● What is expected: Please set down, with no changes, every line of the material below from the one containing "Control room with" through the end. Skip the pictures.
*** Recorded data ***
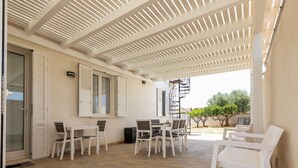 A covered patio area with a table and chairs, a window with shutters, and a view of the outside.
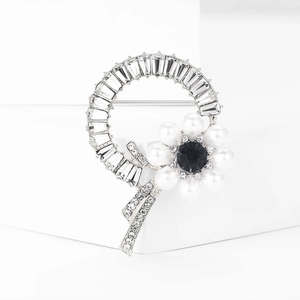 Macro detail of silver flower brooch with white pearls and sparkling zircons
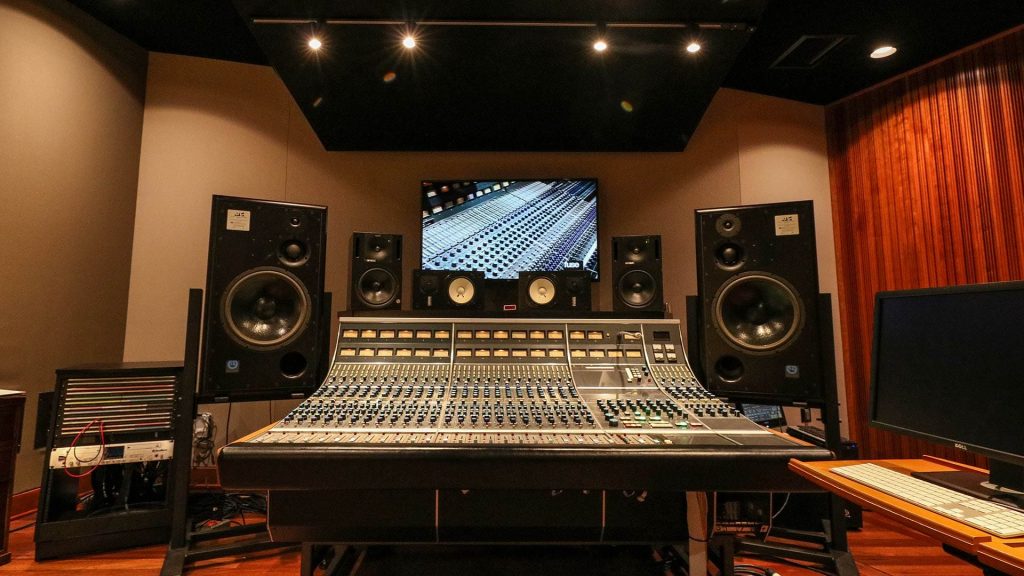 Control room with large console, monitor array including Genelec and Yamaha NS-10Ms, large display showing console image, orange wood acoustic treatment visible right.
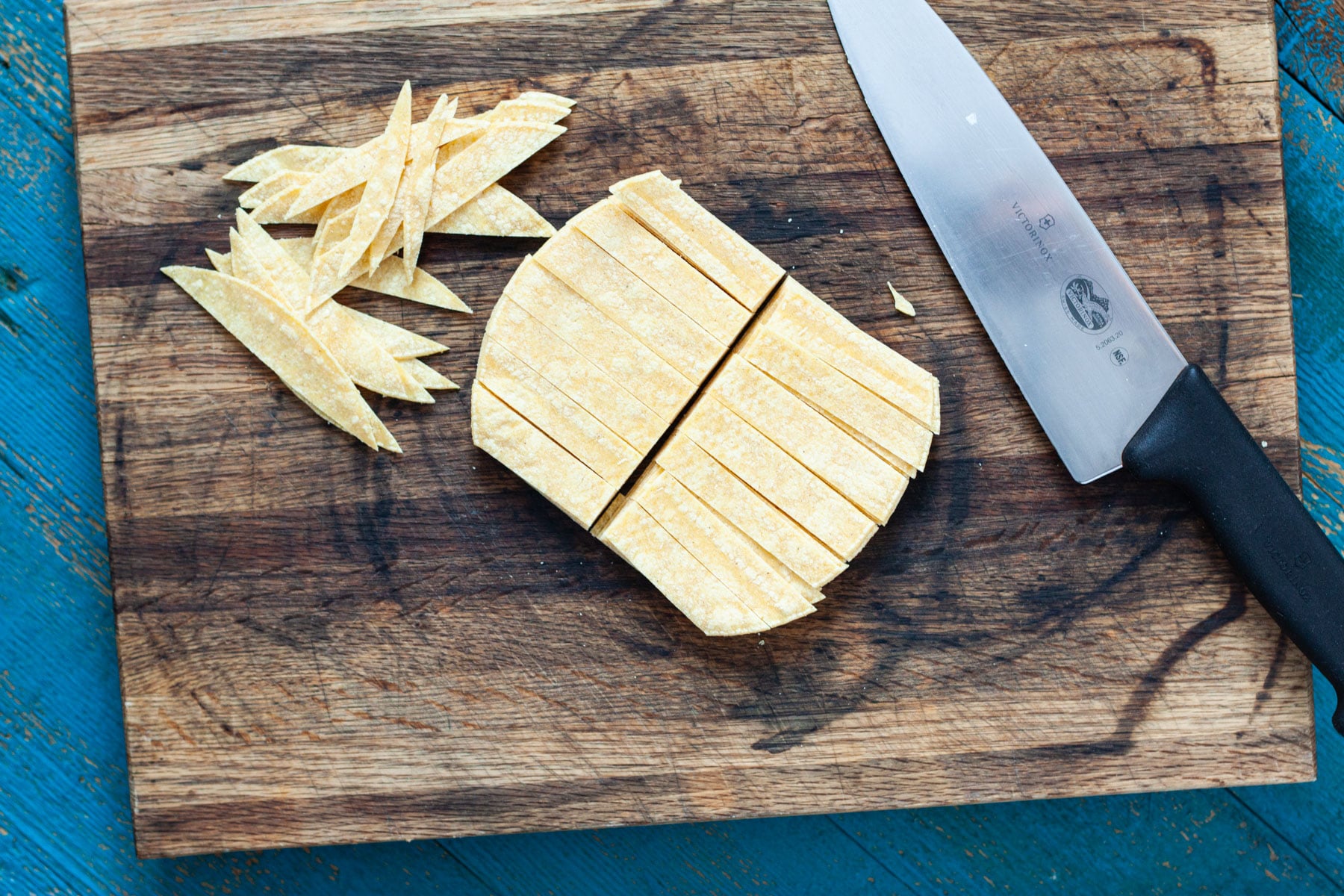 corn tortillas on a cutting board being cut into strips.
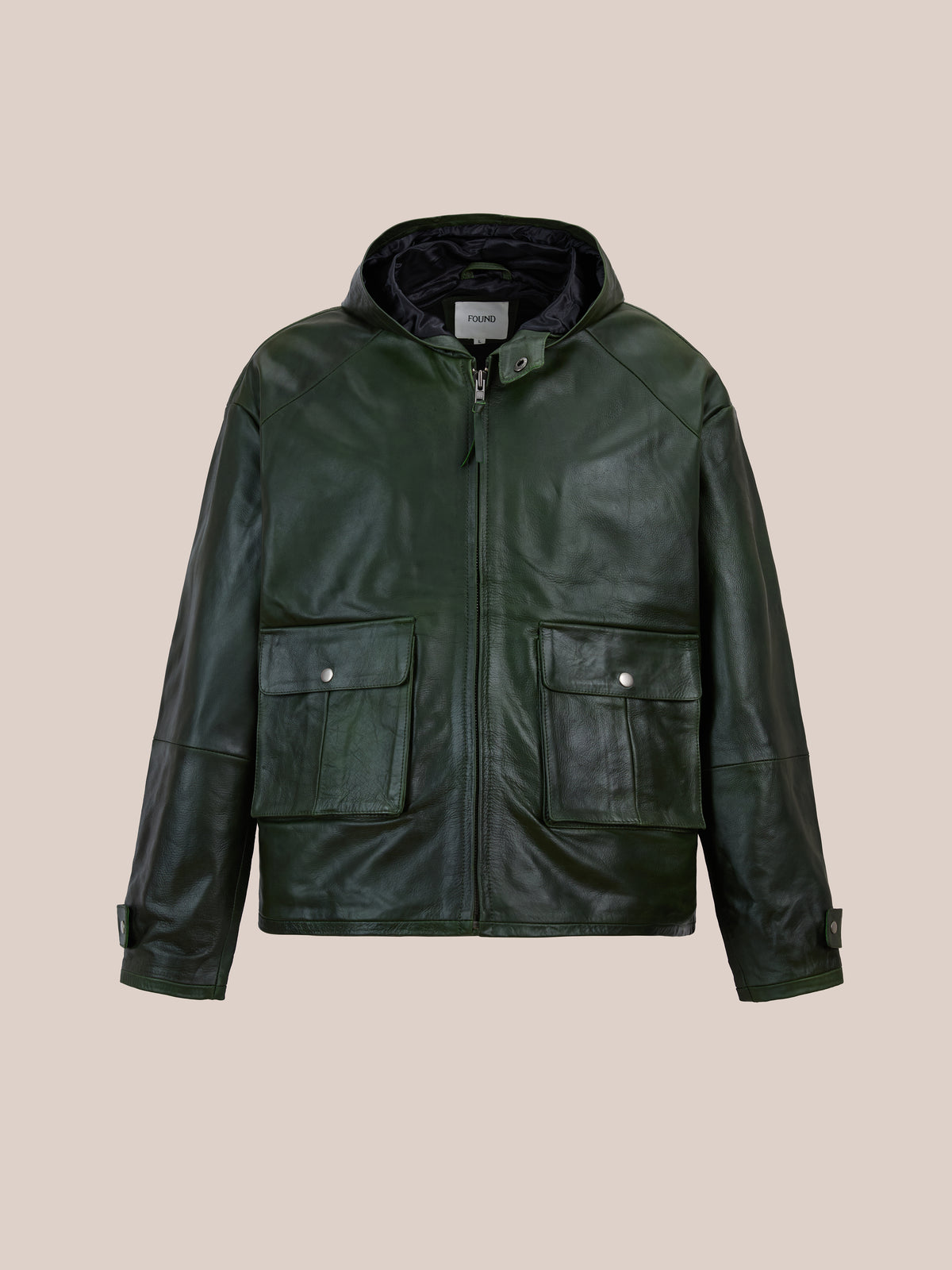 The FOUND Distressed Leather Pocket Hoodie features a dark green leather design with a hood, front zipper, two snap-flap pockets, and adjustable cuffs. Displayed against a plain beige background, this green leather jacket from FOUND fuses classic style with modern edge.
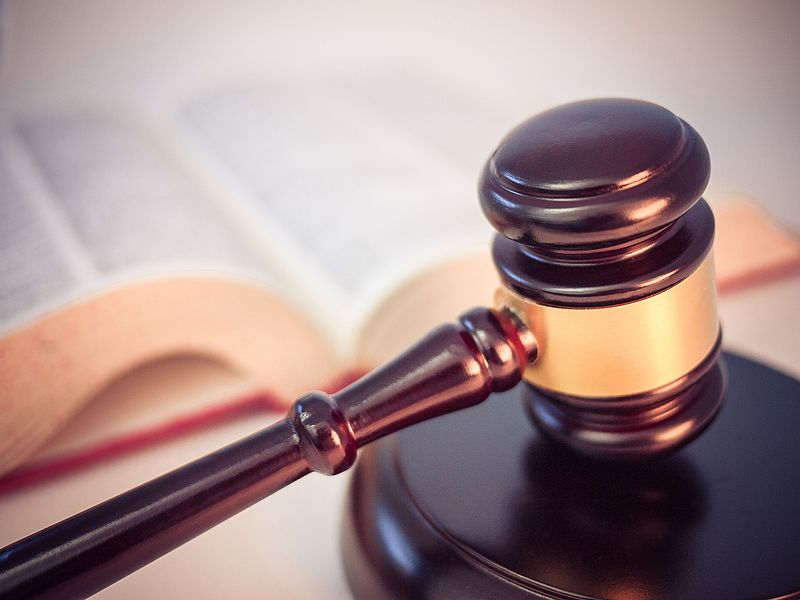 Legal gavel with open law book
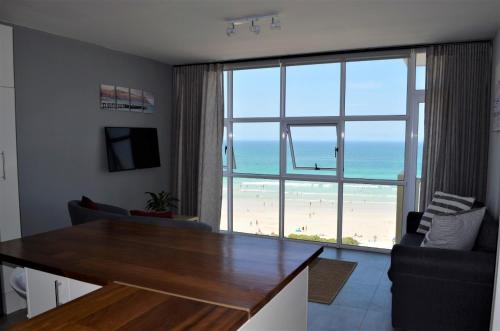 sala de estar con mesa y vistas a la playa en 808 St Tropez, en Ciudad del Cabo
*** End of Recorded data ***
● Exercise result:
 Control room with large console, monitor array including Genelec and Yamaha NS-10Ms, large display showing console image, orange wood acoustic treatment visible right.
 corn tortillas on a cutting board being cut into strips.
 The FOUND Distressed Leather Pocket Hoodie features a dark green leather design with a hood, front zipper, two snap-flap pockets, and adjustable cuffs. Displayed against a plain beige background, this green leather jacket from FOUND fuses classic style with modern edge.
 Legal gavel with open law book
 sala de estar con mesa y vistas a la playa en 808 St Tropez, en Ciudad del Cabo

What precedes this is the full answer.